It is also very easy to create a unique product identity with light without simply focussing on the brand’s logo. Good examples are the lighting signatures of modern cars’ daytime running lights. The illuminated double ring of a BMW’s headlights has become a typical feature of the cars and part of their branding, in addition to the actual logo and kidney-shaped grille. An Audi is very distinctive thanks to its characteristic daytime running light, which not only shows the brand, but the particular model too.

Light is aesthetics and emotion

“Soft” factors are becoming more and more important, but not just in areas where the “hard” functional benefits of a product can no longer be leveraged usefully. Soft factors include the aesthetics of a product of course, but also – to an increasing extent – the design of a product’s emotional dimension. Light embellishes and decorates a product in different ways, and when used to best effect it truly brings a product to life. In certain scenarios, the use of light in product design not only affects the product itself, but also the space surrounding it. This is where product design becomes both a job and an opportunity.

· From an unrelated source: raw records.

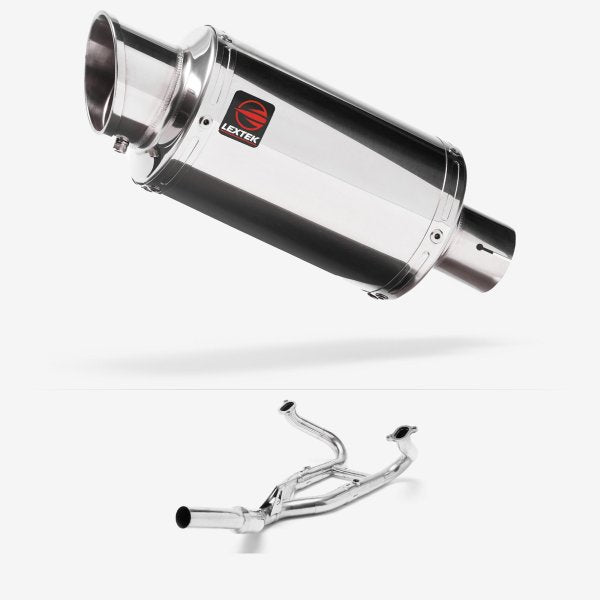 Lextek YP4 S/Steel Stubby Exhaust System 200mm for BMW R 1200 GS (12-17) R 1200 R RS (14-17)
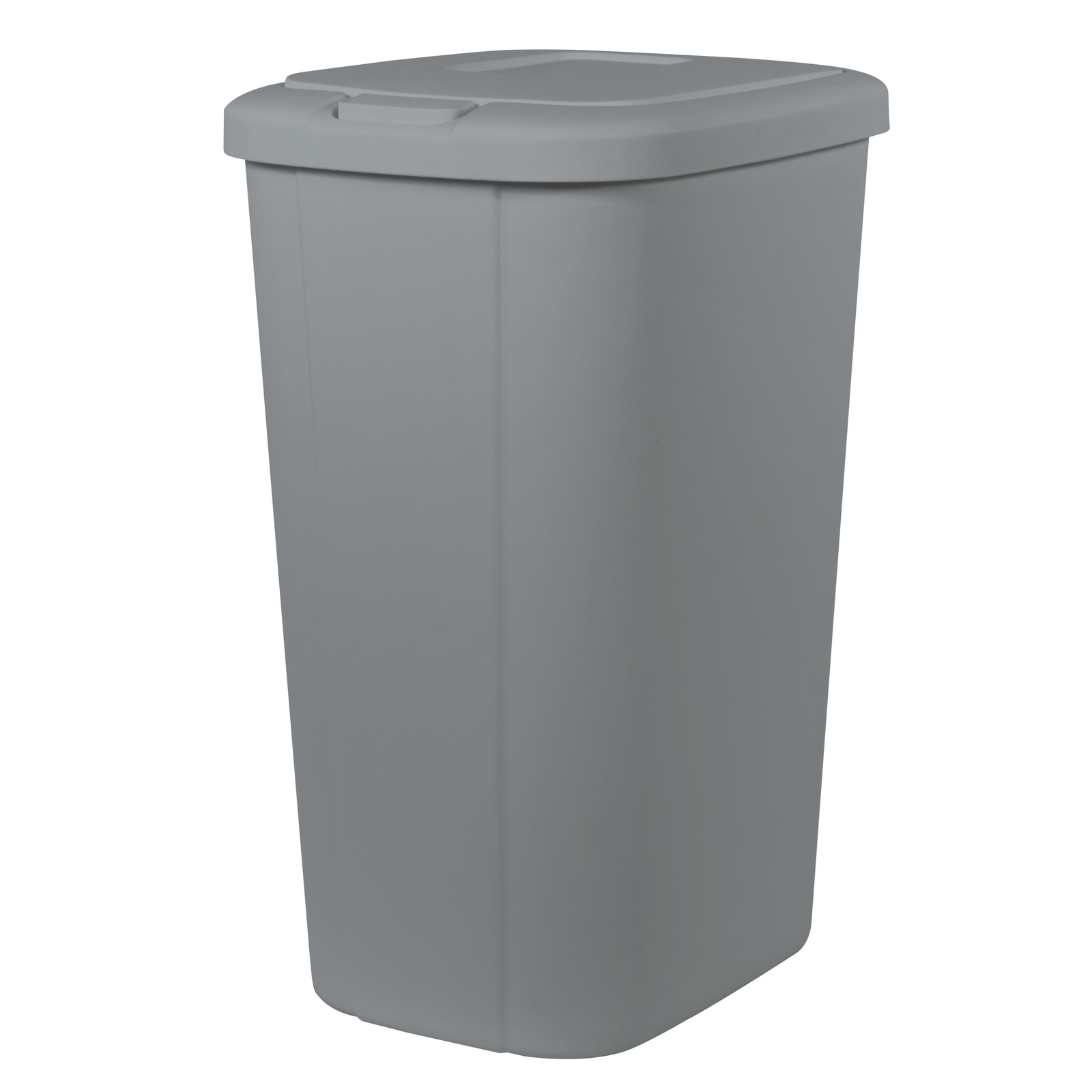 new，13.3 Gallon Trash Can, Plastic Touch Top Kitchen Trash Can, Grey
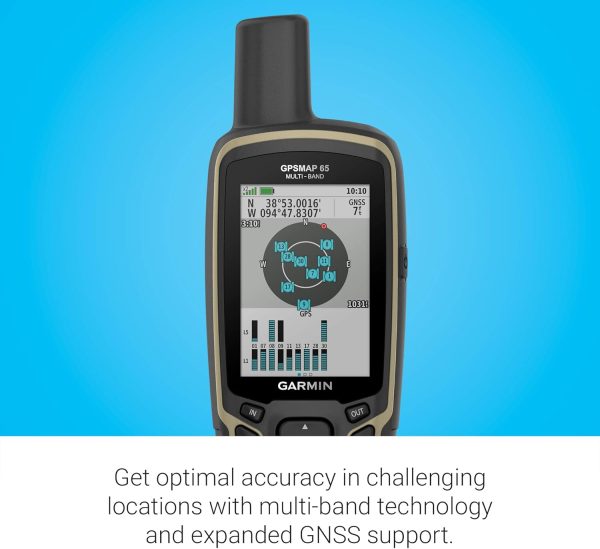Garmin GPSMAP 65, Button-Operated Handheld with Expanded Satellite Support - Image 3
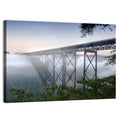 New River Gorge Bridge at Dusk Wall Art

Light as a creative dimension in product design

Light means functionality, branding, aesthetics, emotion – it is not just one of these elements, but rather all of them at once. Many of the examples given above show that product-integrated lighting cannot be boiled down to one single factor. Often, light contributes multiple functional benefits to a product, while almost always playing a part in a product’s aesthetics, and therefore its value, at the same time. This is one of the reasons that motivates us to develop solutions with truly excellent lighting quality for our customers. Ultimately, there is one golden rule:

Good lighting makes a product better. Bad lighting doesn’t do that.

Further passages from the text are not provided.